[Web page caption snippets]
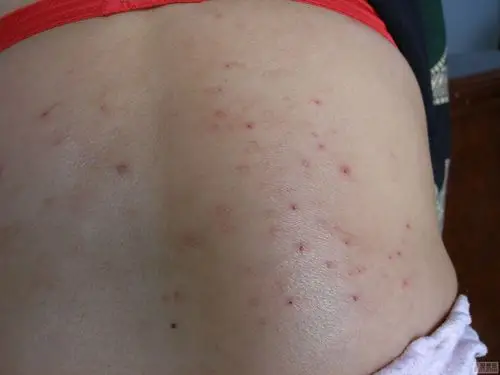 即时求助请大家看看有疥疮的可能性吗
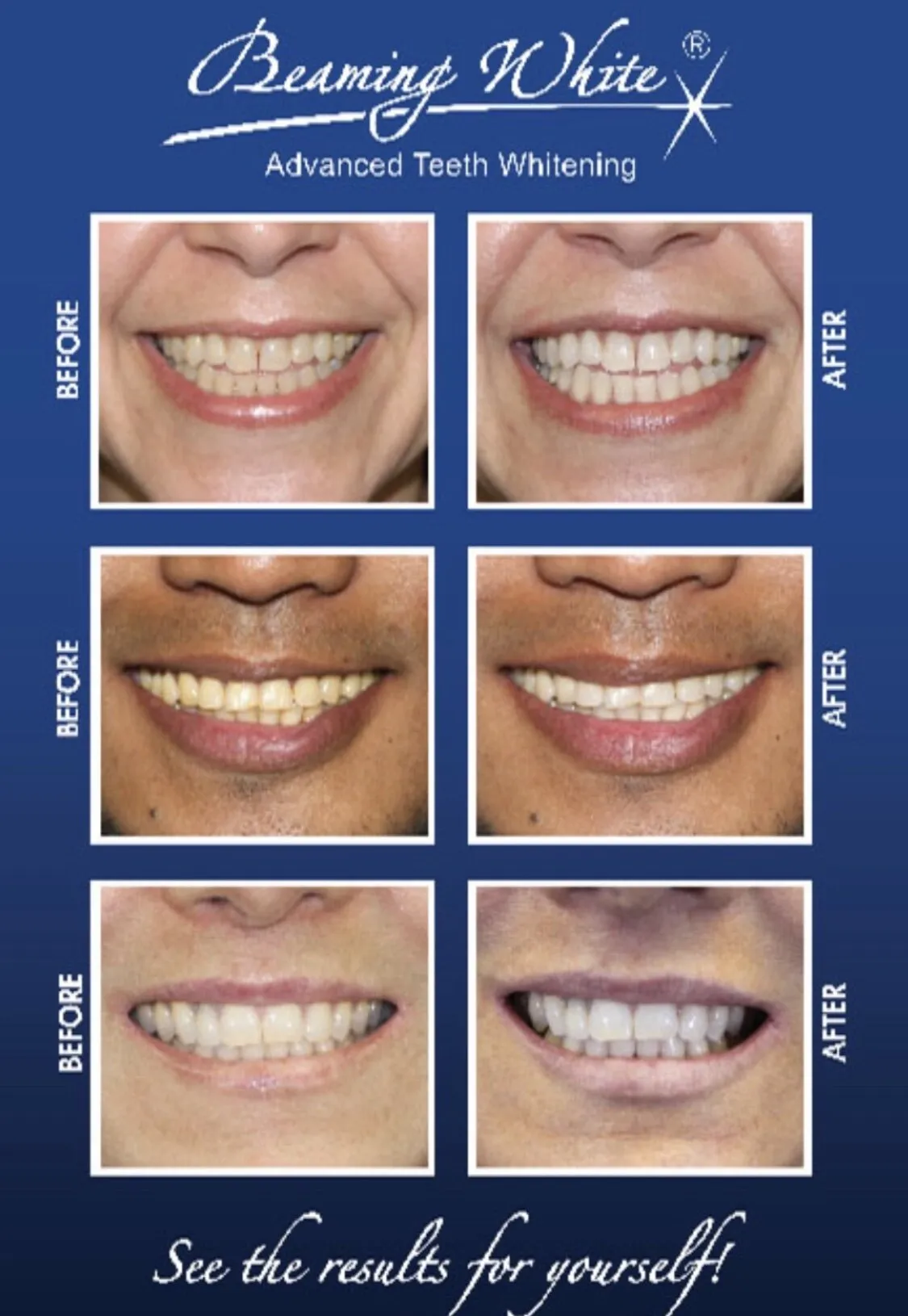 27207 teeth whitening stockton heath image7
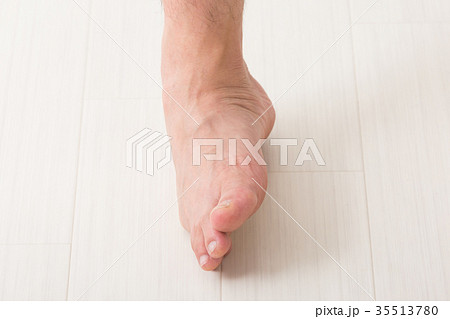 男性の足 男性の足 35513780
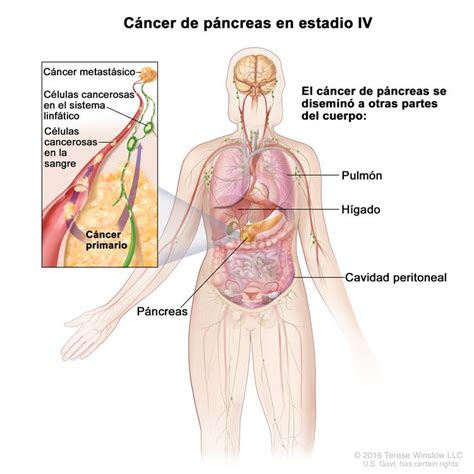 Cáncer de páncreas  PDQ —Versión para pacientes ...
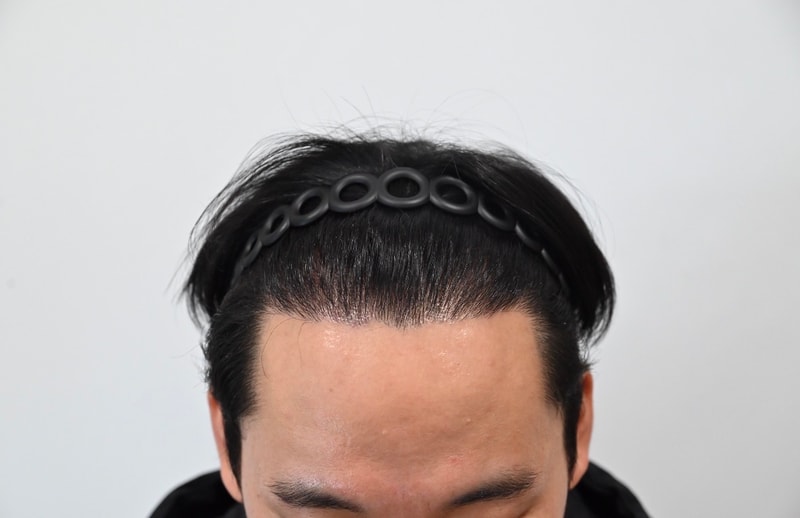 모발이식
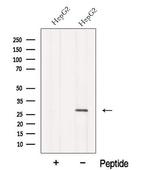 MMAB Antibody in Western Blot (WB)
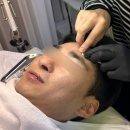 Skin 25 | 성인여드름압출 ‘피부보기(skin biew)’후기, 마포피부관리 (Feat. 이래서 관리받는구나...)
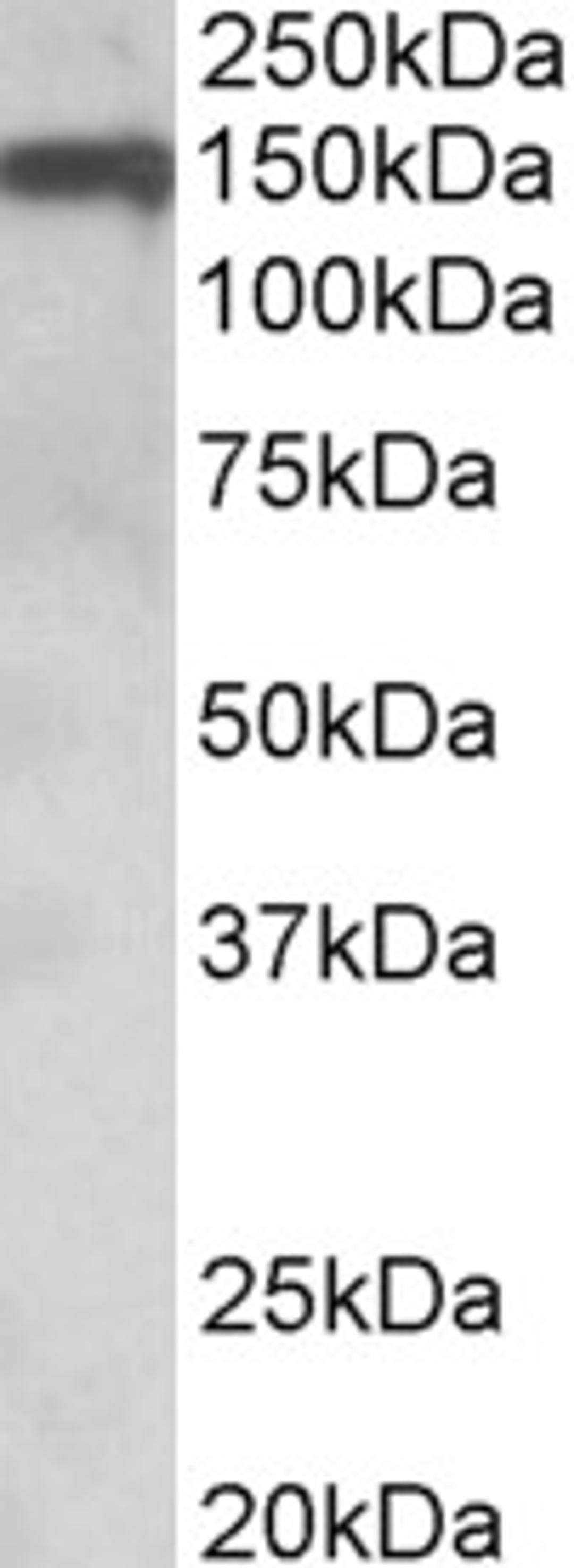 45-999 (0.1ug/ml) staining of Human Amygdala lysate (35ug protein in RIPA buffer). Primary incubation was 1 hour. Detected by chemiluminescence.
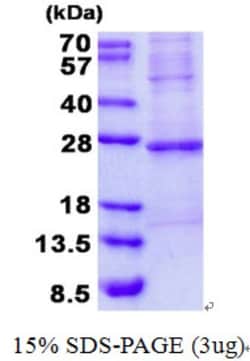 Novus Biologicals&trade;&nbsp;Recombinant Human Troponin I type 2 (fast skeletal) His Protein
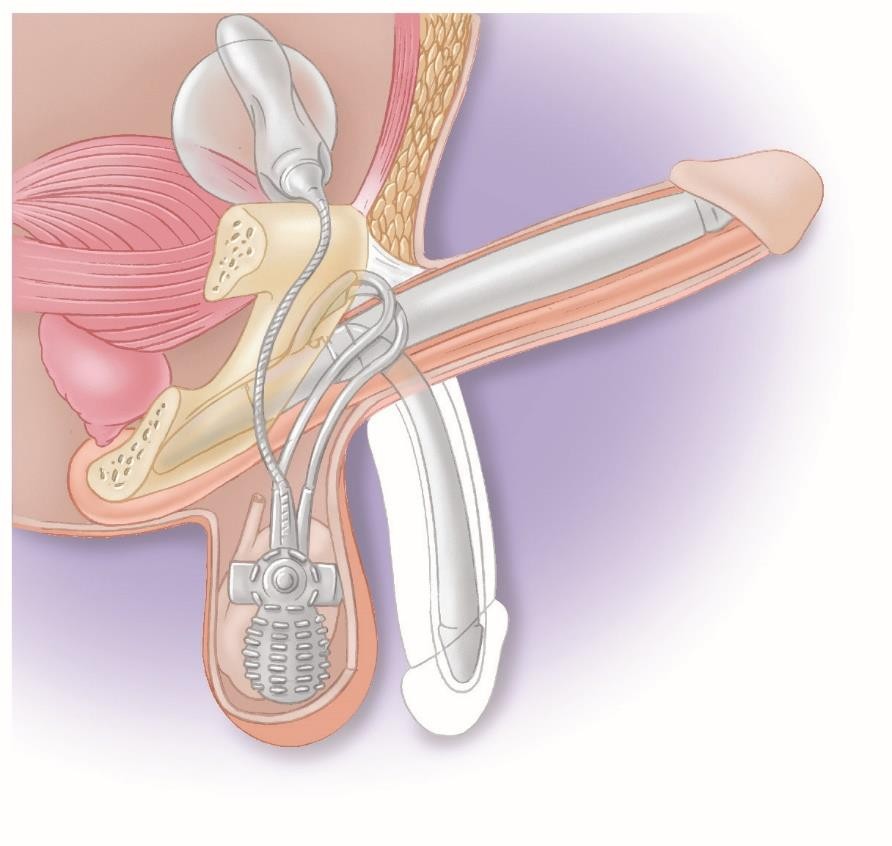 Anillo para mantener la erección Kit 3 tamaños - TMA MÉDICA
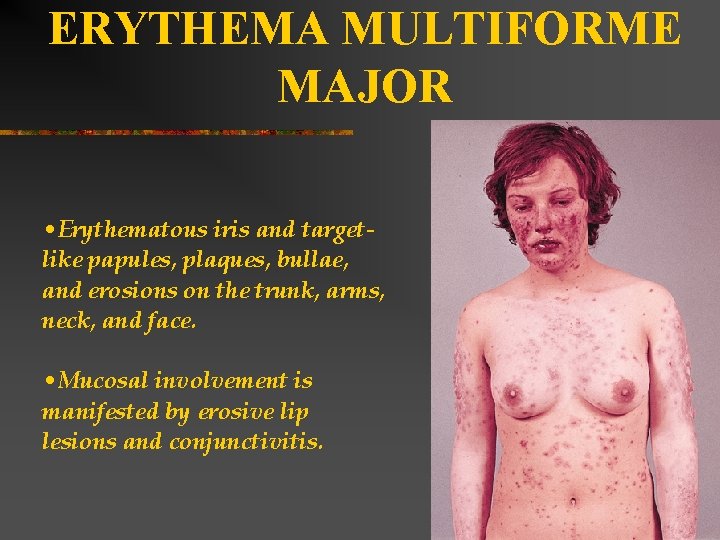 ERYTHEMA MULTIFORME MAJOR • Erythematous iris and targetlike papules, plaques, bullae, and erosions on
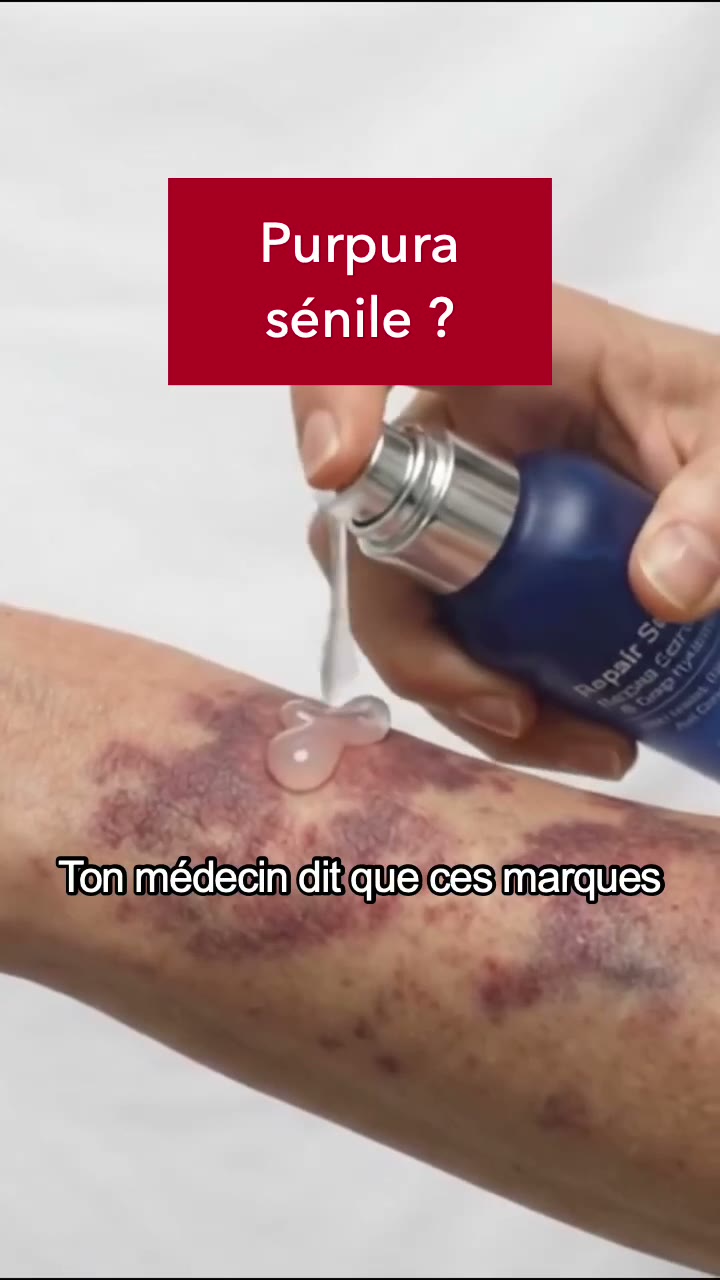 Ta peau marque au moindre choc ?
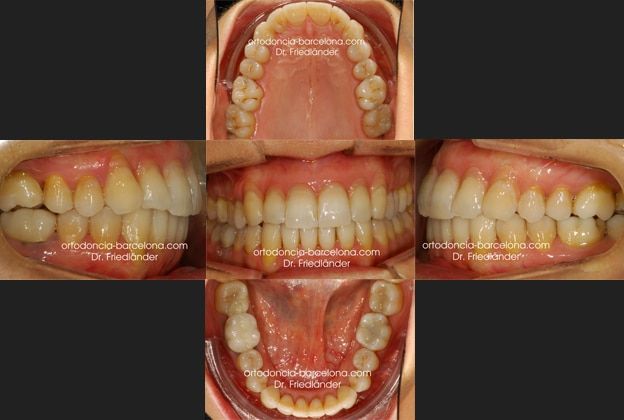 Ortodoncia Friedländer Barcelona Invisalign lingual invisible transparente estetica gracia (2) Ortodoncia Friedländer Barcelona Invisalign lingual invisible transparente estetica gracia (4)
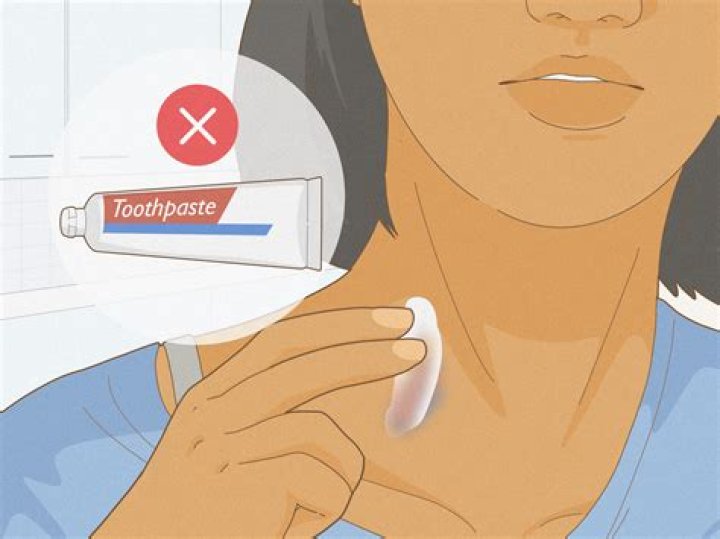 Say Goodbye To Hickeys: Effective Ways To Get Rid Of Them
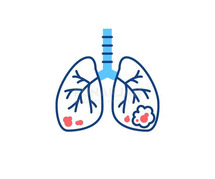 Best Lung Cancer Treatment Hospitals in Bangalore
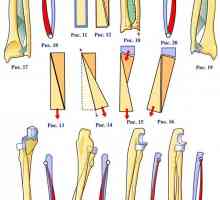 Анатомичният структурата на радиус и лакътната кост единица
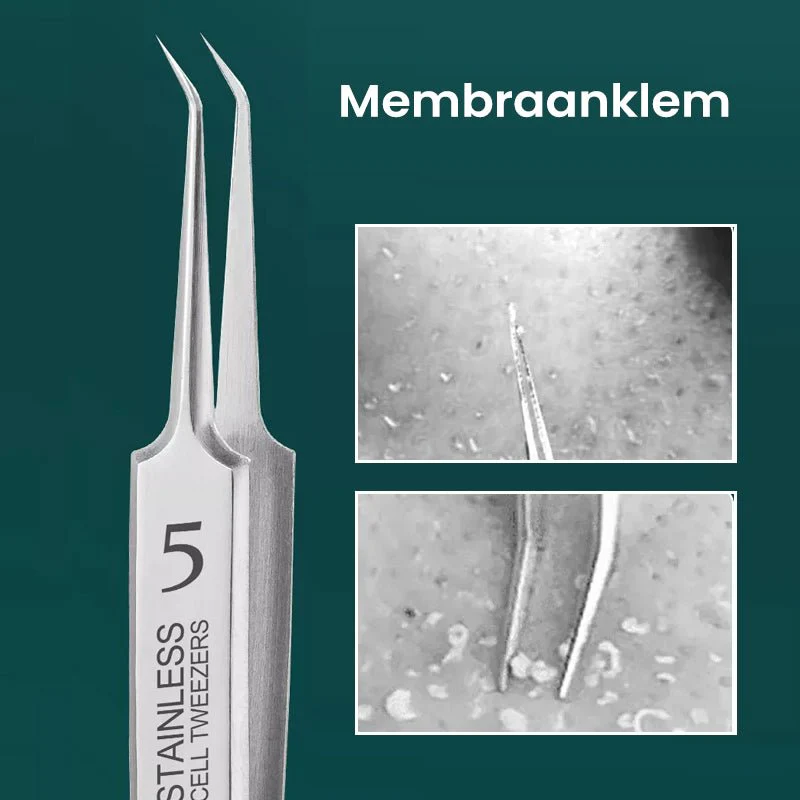 HautGreif™ Zielgerichtete Pickelentfernung - Image 7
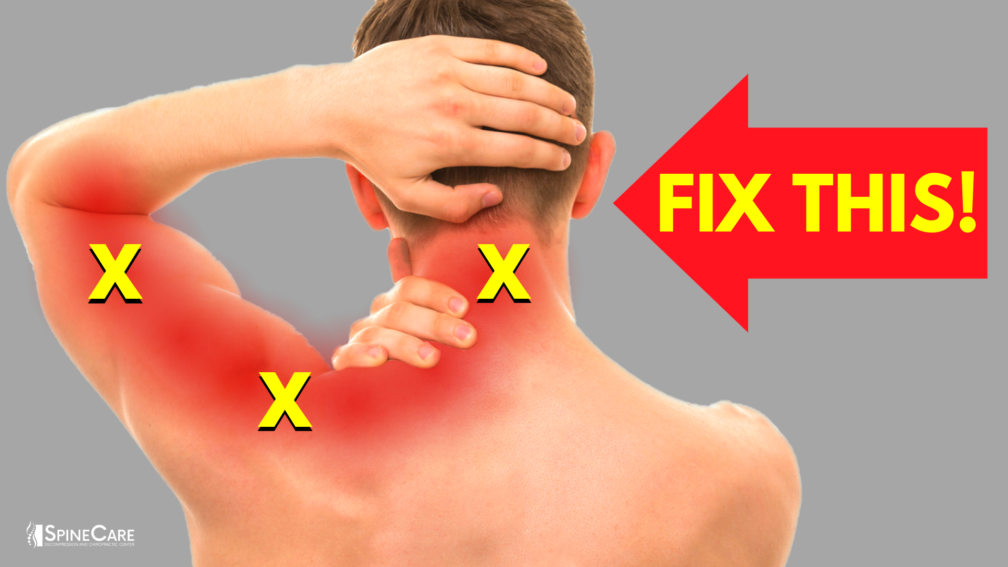 How to Instantly Relieve Nerve Pain in Your Neck and Arm | SpineCare | St. Joseph, Michigan Chiropractor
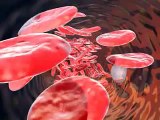 Kan kan sayısı damar  tıkanıklıgı damar ameleyatı Dekompresyon Hastalıgı Vurgun Blood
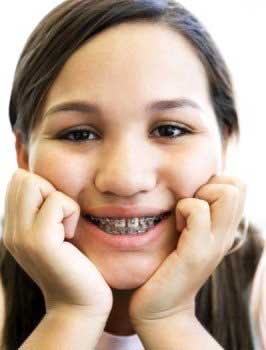 使用牙齿矫正器要注意什么--广州德伦口腔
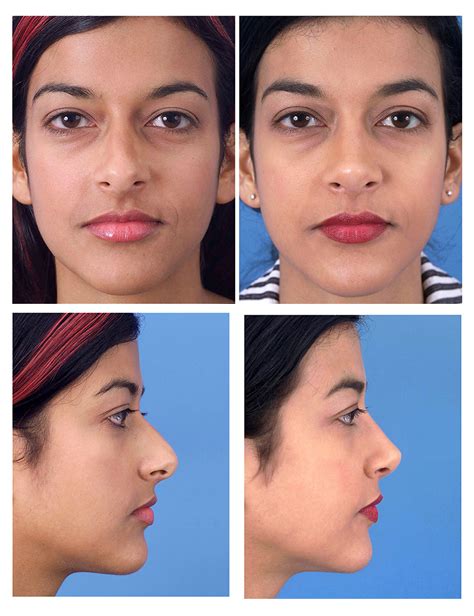 Rhinoplasty Before And After Photos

### To do
From the first line to the last, set down the data exactly, without the pictures.

### Exercise output
 即时求助请大家看看有疥疮的可能性吗
 27207 teeth whitening stockton heath image7
 男性の足 男性の足 35513780
 Cáncer de páncreas  PDQ —Versión para pacientes ...
 모발이식
 MMAB Antibody in Western Blot (WB)
 Skin 25 | 성인여드름압출 ‘피부보기(skin biew)’후기, 마포피부관리 (Feat. 이래서 관리받는구나...)
 45-999 (0.1ug/ml) staining of Human Amygdala lysate (35ug protein in RIPA buffer). Primary incubation was 1 hour. Detected by chemiluminescence.
 Novus Biologicals&trade;&nbsp;Recombinant Human Troponin I type 2 (fast skeletal) His Protein
 Anillo para mantener la erección Kit 3 tamaños - TMA MÉDICA
 ERYTHEMA MULTIFORME MAJOR • Erythematous iris and targetlike papules, plaques, bullae, and erosions on
 Ta peau marque au moindre choc ?
 Ortodoncia Friedländer Barcelona Invisalign lingual invisible transparente estetica gracia (2) Ortodoncia Friedländer Barcelona Invisalign lingual invisible transparente estetica gracia (4)
 Say Goodbye To Hickeys: Effective Ways To Get Rid Of Them
 Best Lung Cancer Treatment Hospitals in Bangalore
 Анатомичният структурата на радиус и лакътната кост единица
 HautGreif™ Zielgerichtete Pickelentfernung - Image 7
 How to Instantly Relieve Nerve Pain in Your Neck and Arm | SpineCare | St. Joseph, Michigan Chiropractor
 Kan kan sayısı damar  tıkanıklıgı damar ameleyatı Dekompresyon Hastalıgı Vurgun Blood
 使用牙齿矫正器要注意什么--广州德伦口腔
 Rhinoplasty Before And After Photos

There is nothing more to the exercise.